Every day, we are reminded that the economy is creating serious consequences for our profession. However, as a profession, we must remain connected to the basics. When so many are in need of help, we must constantly remind ourselves of the essential service we provide to society and how volunteer service as lawyers continues to validate us as true professionals
Perhaps the economy is affecting young lawyers the most – those who are just out of school or early in their practice. I would encourage young lawyers to aggressively seek out opportunities not only in the private practice of law but also in government, legal services, and judicial clerkships. It can also be extremely rewarding to undertake a private practice of law in communities where lawyers are fewer in number and legal services are greatly needed. I did that in 1972, just 18 months out of law school, when I left a larger law firm in Cincinnati to go to Northern Kentucky and start a two-person firm with a former law school classmate. We did it from scratch. It was a wonderful professional and educational experience that gave us the opportunity to learn the practice of law from the ground up. Everywhere we turned, experienced lawyers were always willing to provide advice, counseling, and guidance to us.
3. When did you first start thinking of running for ABA President, and how does the progression or ascension work? We are looking for some really good, inside secrets here.
There is no set “recipe” or “time table” for running for ABA President. I first seriously considered the possibility of running for ABA President in my third year on the ABA Board of Governors, 2002-03, when I was serving as Chair of the Finance Committee; however, having come to learn and understand the complex “financial side” of the ABA, I decided that my first responsibility was to take that financial knowledge about the ABA, learned over three years of intense work on the Finance Committee, and run for ABA Treasurer at a financially challenging time for the Association. Some of my friends who wanted me to run for ABA President then were unhappy with me for doing so, pointing out that no ABA Treasurer had ever been elected ABA President. I concluded that if my highest level of ABA office turned out to be Treasurer, I would be OK with that and successfully ran for Treasurer. I was convinced that I could make a positive difference for the Association in the role of ABA Treasurer at that time and, as they say, the rest is history.
4. By the way, sorry about UK's semi-final demise in the Final Four. Any predictions for next year?
Wildcat fans are eternally optimistic – and “wild” about our ‘Cats!

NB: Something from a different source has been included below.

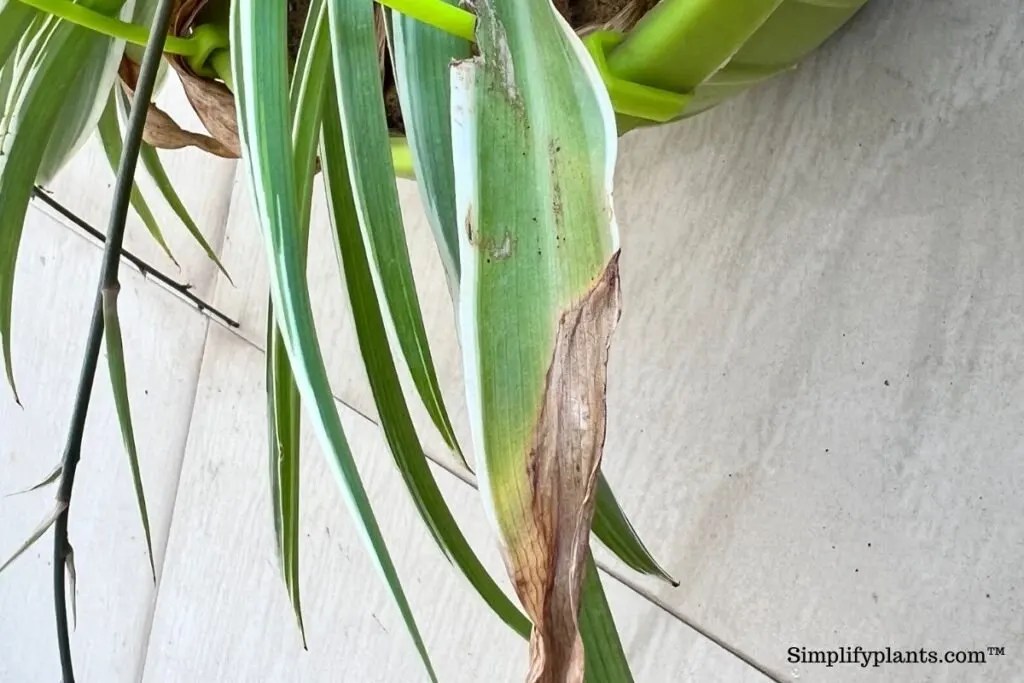 How To Tell If Your Spider Plant Is Dying? (7 Signs+Causes) » Simplify Plants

The best is yet to come!
5. At the LCA’s Miami Conference several years ago, we asked one of our Fellows to speak on the evolving problem of associate retention. As we all know, the retention of high quality associates can be a challenge in the law firm environment. How does Frost Brown Todd manage associate development and retention?
Frost Brown Todd is at the cutting edge of associate development issues. In 2009, while other firms were deferring or rescinding offers in the wake of the financial crisis, we reinvented what it means to be a first-year lawyer at a major US law firm. We parted ways with our competitors and dropped our starting salary across all markets to $80,000, down from the $90,000 to $110,000 range, which was top of market in our region. This alleviated economic pressure to have inexperienced first years billing clients on day one. We reduced our billable hour goal for first year lawyers from 1,800 hours to 1,000 hours and added a mandatory 1,000-hour training requirement. This allowed the associate to embrace training without fear that they would miss their billable hour goal. We would rather have the young lawyer learning from a seasoned litigator at trial in a non-billable capacity than reviewing documents in a billable capacity. At the end of the first year, the associates go up to a full 1,800-hour billable goal and have their salary adjusted to be competitive in the market based on their first year performance.
The 1,000 hour training requirement has three components – structured learning, coaching from experienced lawyers and secondments with clients. In the past two decades, high starting salaries and correspondingly high hourly rates created client pushback that forced new lawyers out of guest chairs in a partner’s office during conference calls, out of client meetings and off litigation teams. However, these are the best opportunities through which most lawyers learn the profession. So we removed the institutional barriers that were preventing these opportunities. Each associate is assigned a coach who sees to it that these rich learning opportunities are provided to the new attorney. Our clients have enthusiastically welcomed the young lawyers onto project teams in a non-billed capacity and frequently turn to these young lawyers with billable assignments thereafter. Client secondments at client facilities have provided our young lawyers even more invaluable insight into the daily demands our clients face so they are better trained to handle client matters and know the client’s business. Our associates see the firm investing more than money in their long-term success and the program naturally builds strong personal relationships on many dimensions within the firm and with our clients. We believe it is these relationships and non-monetary investments that most effectively address retention.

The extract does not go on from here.